Monday, July 11, 2011

The x86_64 Calling Convention


I suppose I can consider myself an 'old-school' developer now; even though I have been reading the AMD64 ABI documentation, I still haven't fully absorbed it into my head yet, which is evidenced by the recent two situations I had today where RTFM-ing would have had saved me hours of GDB debugging pain.

I have been coding some assembly instructions to make C-calls at runtime to a debugging routine, but the call seems to always ends up mysteriously trampling the JIT-ed routines, making the VM take unexpected execution paths and causing some unlikely assertions to be fired.

The situation is confounded by a number of issues:
  1. the code generated is dynamic, and therefore there are no debugging symbols associated with them compared to code typically generated by the assembler/compiler;
  2. there are different types of call-frames for a given method; 1 for a pre-compiled stub, 1 for a frame that's crossed-over from JIT-ed code to native code, and 1 for the JIT-ed code itself;
  3. when the eventual assertion does manifest, the code is already far away in the rabbit-hole from where the original problem manifested. And because some of the JIT-ed code actually makes a "JMP", unlike a "CALL", you can't actually figure out where the code originated from, since %rip is never saved on the call stack.
While situations 1 and 2 make debugging difficult by having the need to keep a lot of contextual information in order to figure out what's going on, situation 3 is just impossible to debug if the bug is non-deterministic in nature. For example, each compiled method in the VM generates a small assembly stub that replaces the actual code to be executed; when the stub gets executed for the first time, it triggers of the JIT compiler at runtime to compile the real method from its intermediate representation. The compiled method then replaces the stub, hence subsequent invocations will simply call the already JIT-generated method, thereby executing at native-speed, like just as you would get on compiled code.
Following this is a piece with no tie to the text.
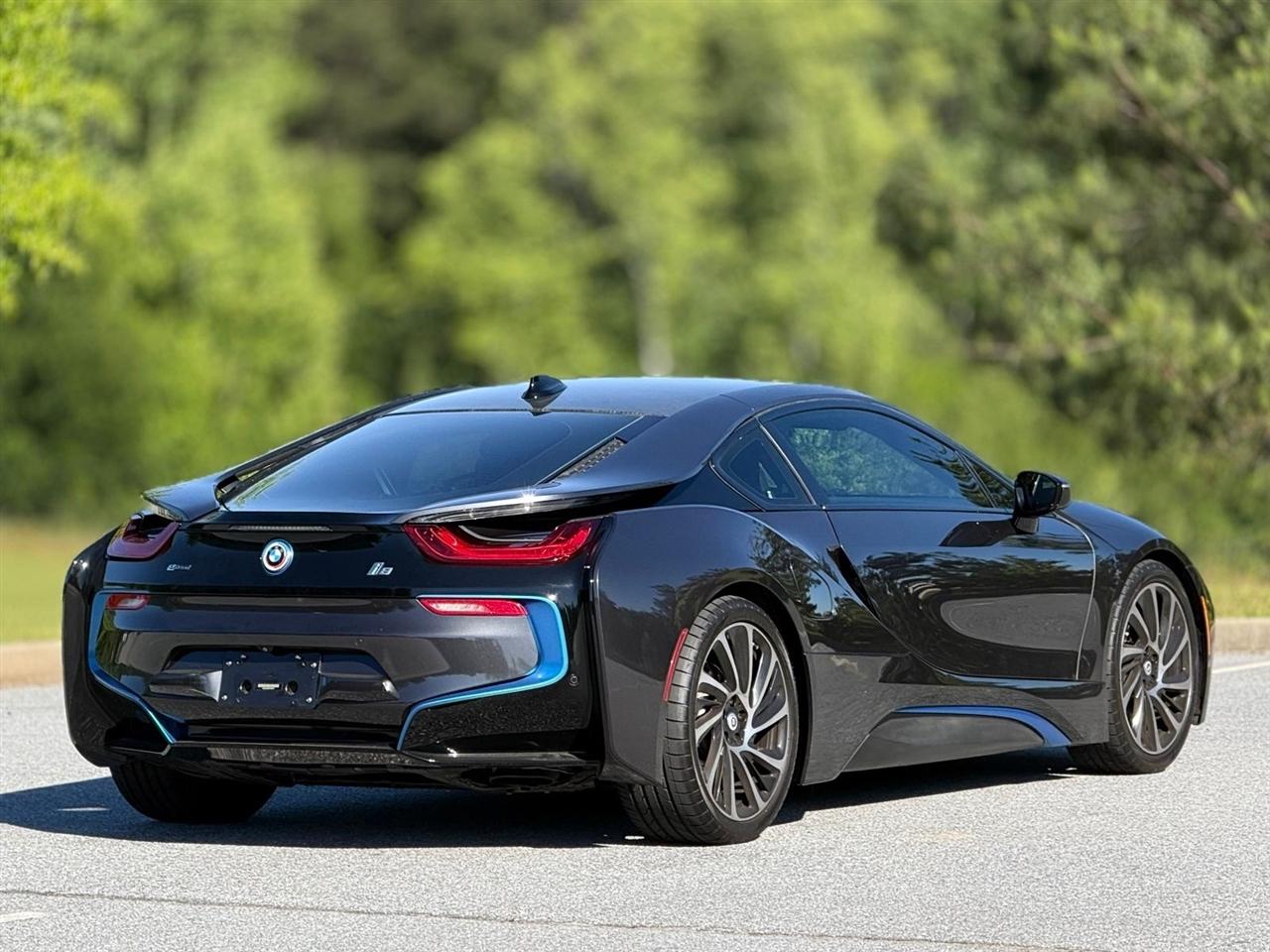 BMW i8  2015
To optimise on space, the stubs are made as small as possible (~20 bytes), and the common execution body shared by all stubs is factored into a common block. All stubs will eventually perform a global "JMP" instruction to this common block. In order to faciliate communication, all shared data between the stub and the common code block is passed on the thread stack, where the common offset to the method handle is agreed upon. 
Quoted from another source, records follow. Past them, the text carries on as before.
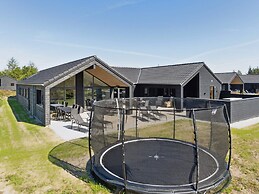 5 Star Holiday Home in Romo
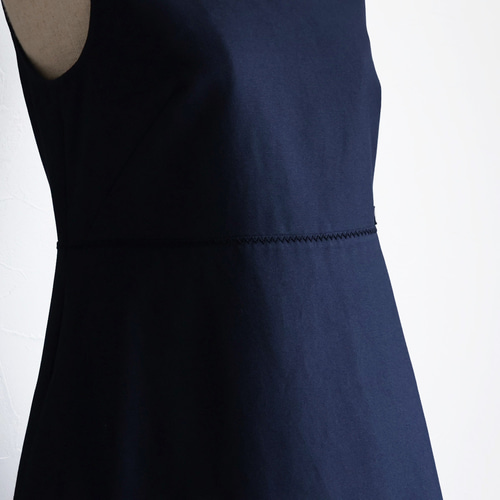 秋まで着回せる◎】コットンポリエステル ノースリーブワンピース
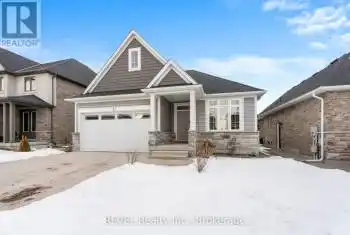 8 Hopkins Street, Thorold (562 - Hurricane/Merrittville), Ontario L2V0E6, 5 Bedrooms Bedrooms, ,3 BathroomsBathrooms,All Houses,For Sale,Hopkins,X11949761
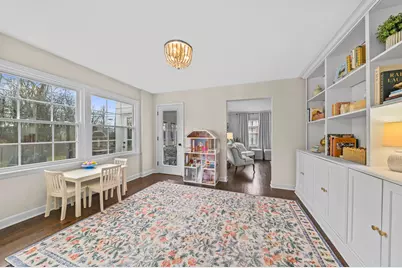 231 E Fox Dale Rd, Fox Point, WI 53217 - Photo 13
While the design is elegant, it is also impossible to debug when it breaks; the non-deterministic-ness of the bug seems to surface from time-to-time, where it seems to suggest that the thread stack got corrupted or that it's not passing the method handle correctly. Even when GDB is left running, by the time the assertion triggers, it's already past the fact, and therefore it is unable to trace back to the originating path.

I thought it might be a good idea to inject some debugging calls to trace the execution and stack pointer at runtime, so that I can figure out which stub was last called and the stack height when the call was made; the two information combined should give me sufficient hints on where the problem might lie. However, my injected code has introduced two other issues that I had overlooked, which brings me back into the discussion of the x86_64 ABI again; if you ever wanted to template any assembly instructions into your code that relies on an external library call, do keep these 2 points from the ABI specification in mind:
  1. Save ALL caller-saves registers, not just only the ones that you are using.
  2. (§3.2.2) The end of the input argument area shall be aligned on a 16 (32, if __m256 is passed on stack) byte boundary. In other words, the value (%rsp + 8) is always a multiple of 16 (32) when control is transferred to the function entry point. The stack pointer, %rsp, always points to the end of the latest allocated stack frame.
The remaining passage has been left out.